Neuronal interactions between inhibitory and excitatory neurons play a pivotal role in regulating the balance of excitation and inhibition in the central nervous system (CNS). Consequently, the efficacy of inhibitory/excitatory synapses profoundly affects neural network processing and overall neuronal functions. Here, we describe a novel form of long-term potentiation (LTP) induced at cortical inhibitory synapses and its behavioral consequences. We show that high-frequency laser stimulation (HFLS) of GABAergic neurons elicit inhibitory LTP (i-LTP) in pyramidal neurons of the auditory cortex (AC).
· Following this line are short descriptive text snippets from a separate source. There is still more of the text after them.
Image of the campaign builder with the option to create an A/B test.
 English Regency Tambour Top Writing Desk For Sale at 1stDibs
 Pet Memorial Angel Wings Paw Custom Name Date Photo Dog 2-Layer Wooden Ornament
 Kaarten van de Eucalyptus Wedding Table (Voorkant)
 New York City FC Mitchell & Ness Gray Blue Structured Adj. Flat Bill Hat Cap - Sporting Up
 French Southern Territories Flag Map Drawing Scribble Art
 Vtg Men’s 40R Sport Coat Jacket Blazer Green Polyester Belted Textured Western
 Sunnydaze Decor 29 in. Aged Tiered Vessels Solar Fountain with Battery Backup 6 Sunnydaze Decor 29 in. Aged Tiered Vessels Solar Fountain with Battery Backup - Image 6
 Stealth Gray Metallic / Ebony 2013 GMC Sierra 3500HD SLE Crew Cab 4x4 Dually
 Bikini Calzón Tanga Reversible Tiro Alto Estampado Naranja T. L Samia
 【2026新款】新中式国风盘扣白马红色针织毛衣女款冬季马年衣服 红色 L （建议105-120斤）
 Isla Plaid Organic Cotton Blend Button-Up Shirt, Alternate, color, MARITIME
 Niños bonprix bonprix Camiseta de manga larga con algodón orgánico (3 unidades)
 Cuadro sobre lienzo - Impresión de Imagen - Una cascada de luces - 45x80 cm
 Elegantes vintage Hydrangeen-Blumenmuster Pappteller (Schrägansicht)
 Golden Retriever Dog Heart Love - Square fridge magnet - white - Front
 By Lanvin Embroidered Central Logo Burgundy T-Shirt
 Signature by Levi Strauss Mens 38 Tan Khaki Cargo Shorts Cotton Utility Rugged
The selective activation of cholecystokinin-expressing GABA (GABA(CCK)) neurons is essential for the formation of HFLS-induced i-LTP, rather than the classical parvalbumin (PV) neurons and somatostatin (SST) neurons. Intriguingly, i-LTP can be evoked in the AC by adding the exogenous neuropeptide CCK when PV neurons and SST neurons are selectively activated in PV-Cre and SST-Cre mice, respectively. Additionally, we discovered that low-frequency laser stimulation (LFLS) of PV neurons paired with HFLS of GABA(CCK) neurons potentiates the inhibitory effect of PV interneurons on pyramidal neurons, thereby generating heterosynaptic i-LTP in the AC. Notably, light activation of GABA(CCK) neurons in CCK-Cre mice significantly attenuates sound- shock associative memory, while stimulation of PV neurons does not affect this memory in PV-Cre mice. In conclusion, these results demonstrate a critical mechanism regulating the excitation-inhibition balance and modulating learning and memory in cortical circuits. This mechanism might serve as a potential target for the treatment of neurological disorders, including epilepsy and Alzheimer's disease.